▶ [WHAT TO PRODUCE]: Give back, exactly as written, the lines from the first line of the data below through the line with "真正的星月菩提是什么样的,现在的星月菩提是真的吗", and omit the pictures.
═══ DATA
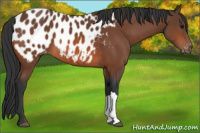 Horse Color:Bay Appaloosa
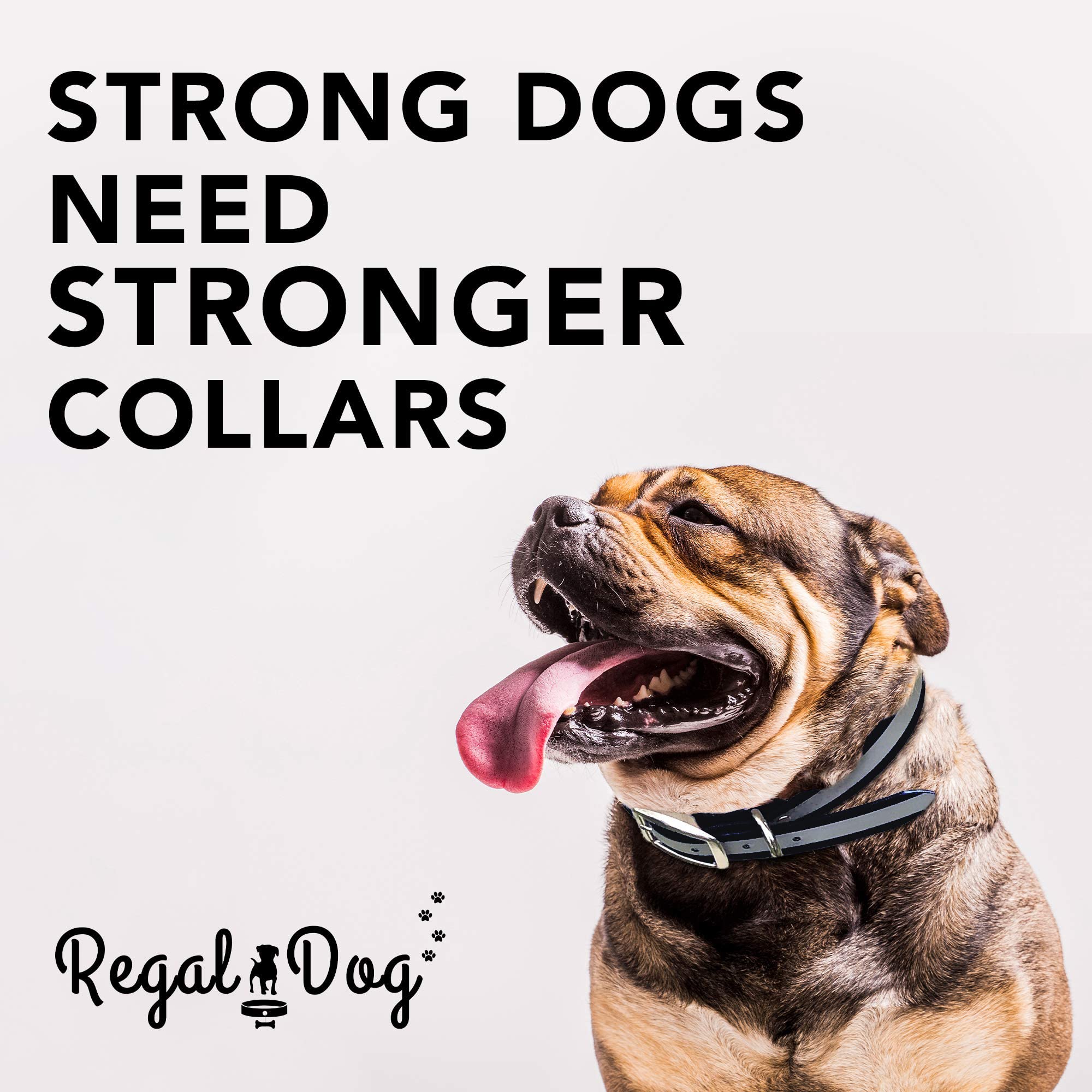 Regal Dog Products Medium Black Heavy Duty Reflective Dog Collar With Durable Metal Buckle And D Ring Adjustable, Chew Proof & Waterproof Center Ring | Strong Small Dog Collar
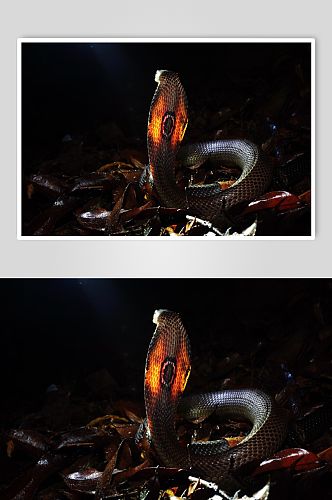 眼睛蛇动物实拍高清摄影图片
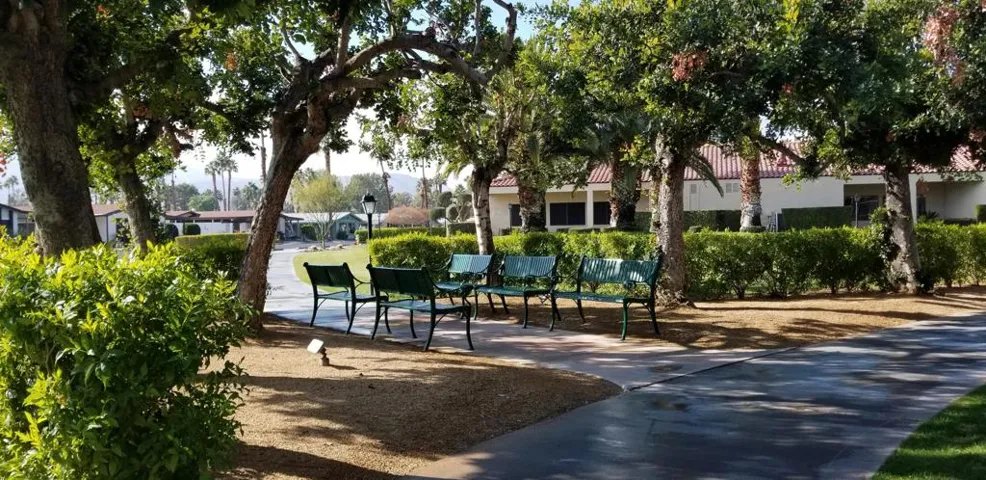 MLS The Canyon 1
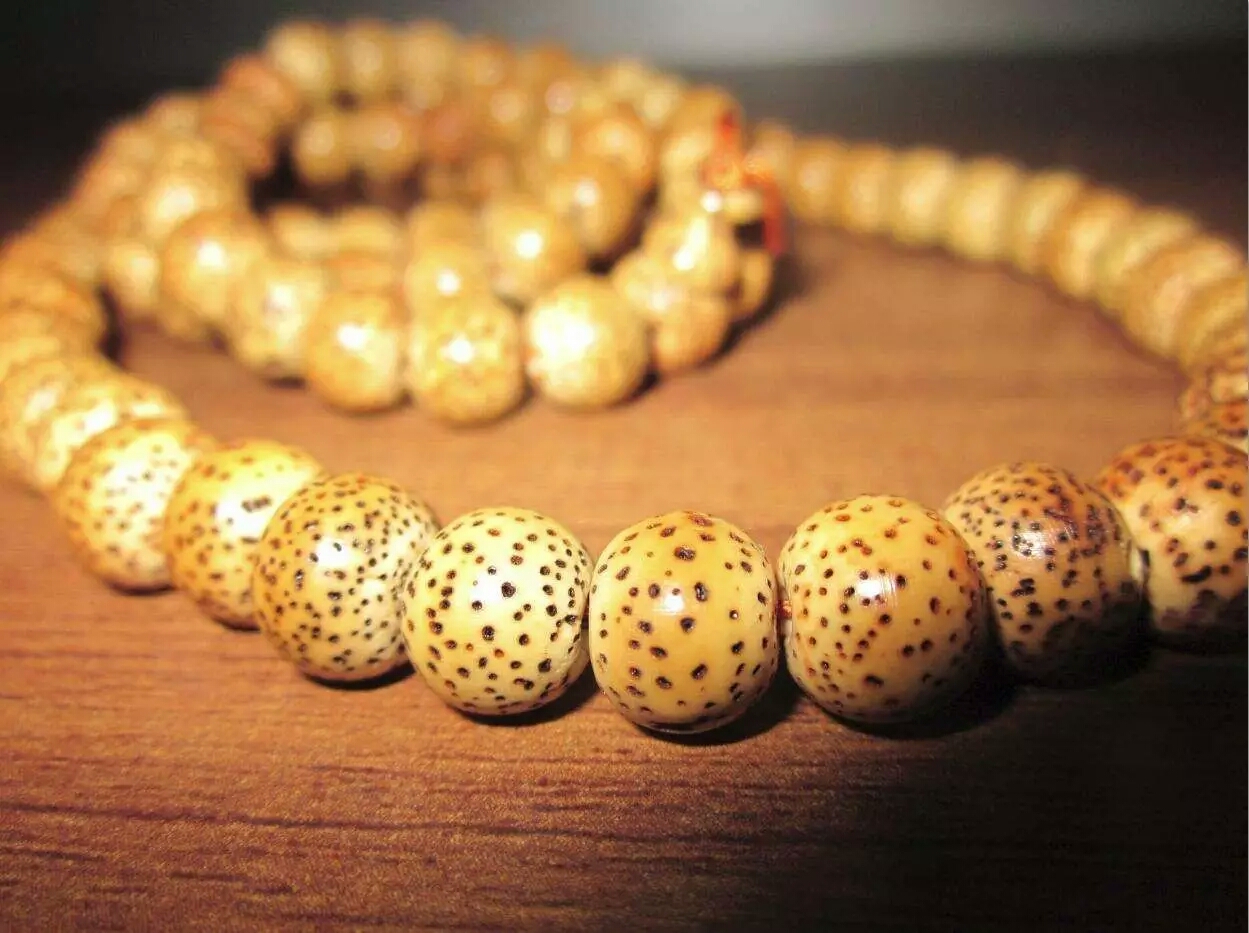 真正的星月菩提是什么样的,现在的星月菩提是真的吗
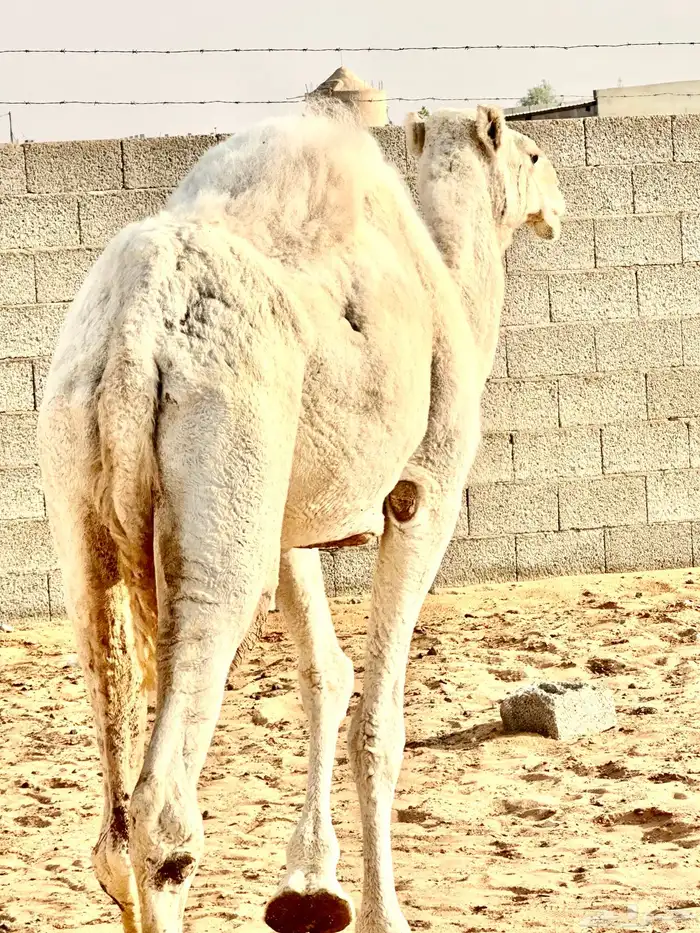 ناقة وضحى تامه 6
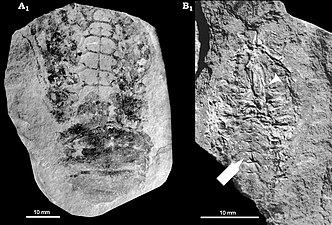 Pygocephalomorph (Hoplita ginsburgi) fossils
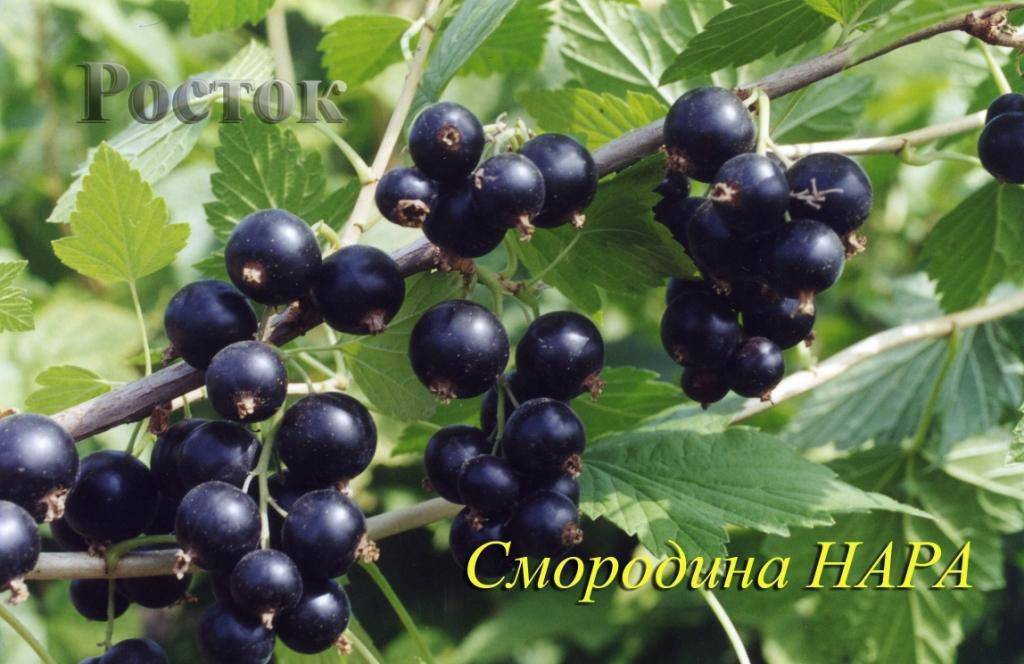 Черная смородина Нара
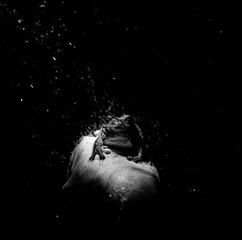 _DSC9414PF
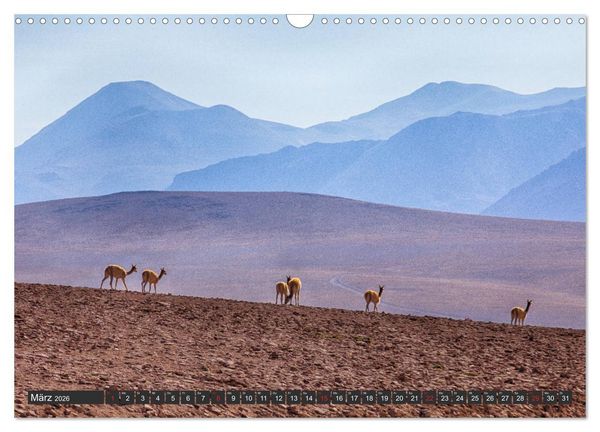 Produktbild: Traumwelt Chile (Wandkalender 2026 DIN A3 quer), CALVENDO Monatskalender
══════
▶ [ANSWER TO THIS EXERCISE]:
 Horse Color:Bay Appaloosa
 Regal Dog Products Medium Black Heavy Duty Reflective Dog Collar With Durable Metal Buckle And D Ring Adjustable, Chew Proof & Waterproof Center Ring | Strong Small Dog Collar
 眼睛蛇动物实拍高清摄影图片
 MLS The Canyon 1
 真正的星月菩提是什么样的,现在的星月菩提是真的吗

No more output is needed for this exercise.